[Tutor] Regex help please.

SA sarmstrong13@mac.com
Tue, 13 Aug 2002 07:59:48 -0500


On 8/12/02 11:30 PM, "Sean 'Shaleh' Perry" <shalehperry@attbi.com> wrote:

> 
> On 12-Aug-2002 SA wrote:
>> Hi Everyone-
>> 
>> I am trying to match a string pattern like the following:
>> 
>> ?1234.htm
>> 
>> I would then like to extract the 1234 from the pattern and sub 1234.html for
>> the pattern.
>> 
>> 
>> Anyone know how to do this? Is there a simpler way than re?
>> 
> 
> so 1234.htm becomes 1234.html.htm?
> 
I'm sorry. That is not what I meant.

Let's say I have an html document.
In this document is a bunch of links.
Each of these links is comprised of similar but variable patterns:

?1234.htm
?56.htm
?0154398.htm

Notice the only difference in these characters is the number and length of
the number.
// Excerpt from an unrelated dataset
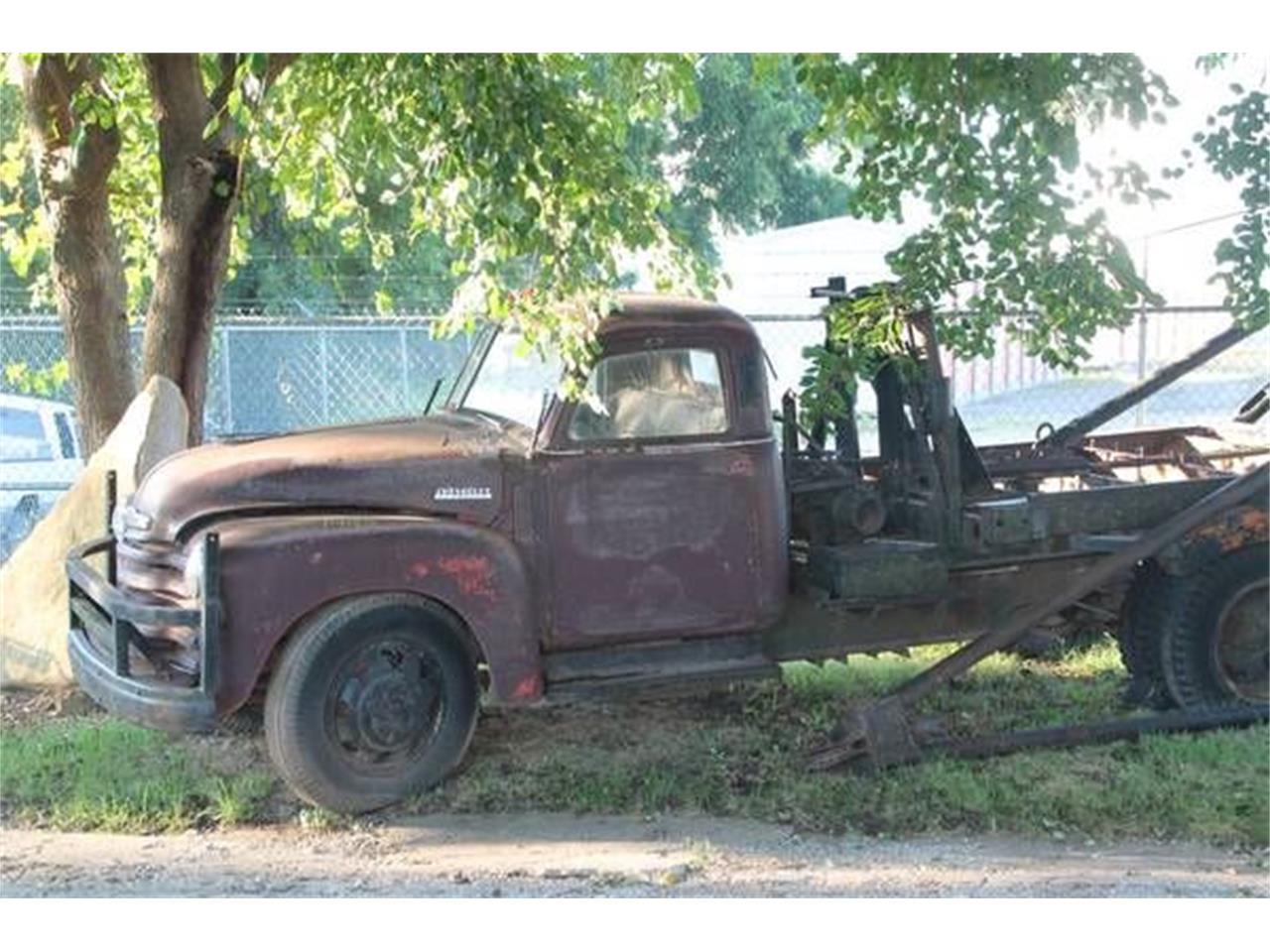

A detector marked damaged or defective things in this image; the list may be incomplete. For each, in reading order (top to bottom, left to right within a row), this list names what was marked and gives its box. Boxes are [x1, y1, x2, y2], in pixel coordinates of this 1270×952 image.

If you have already guessed, these links were generated
dynamically with a ? Search pattern. (Hence the ? In each) What I would like
to do is search the whole html document for any link that begins with ?, has
a variable number in the middle, followed by a .htm. I would then like to
substitute the whole string (ie. ?1234.htm) for the number and a .html (ie.
1234.html).

For example:
?1234.htm would become 1234.html
?56.htm would become 56.html
?0154398.htm would become 0154398.html
And so on ...

So what I have done so far is the following:

import re
import os

list = os.listdir('.') #lists all html documents in this directory
input = open(list[0], "rb") #this will be changed to iterate over the list
text = input.read()
p = re.compile("\?(\d+).htm", re.M)
result = p.match(text)


Now the last two line were written to test the search pattern "\?(\d+).htm".
This will be changed to something like re.sub("\?(\d+).htm","\\1.html",text)
later to do onestep swapping.

But my problem is that I get the following output:
>>>print result
None


So it seems like it is not traversing the file text and matching the
pattern. 

So with this said, any ideas what I'm doing wrong?

Thanks in advance.
SA


-- 
"I can do everything on my Mac I used to on my PC. Plus a lot more ..."
-Me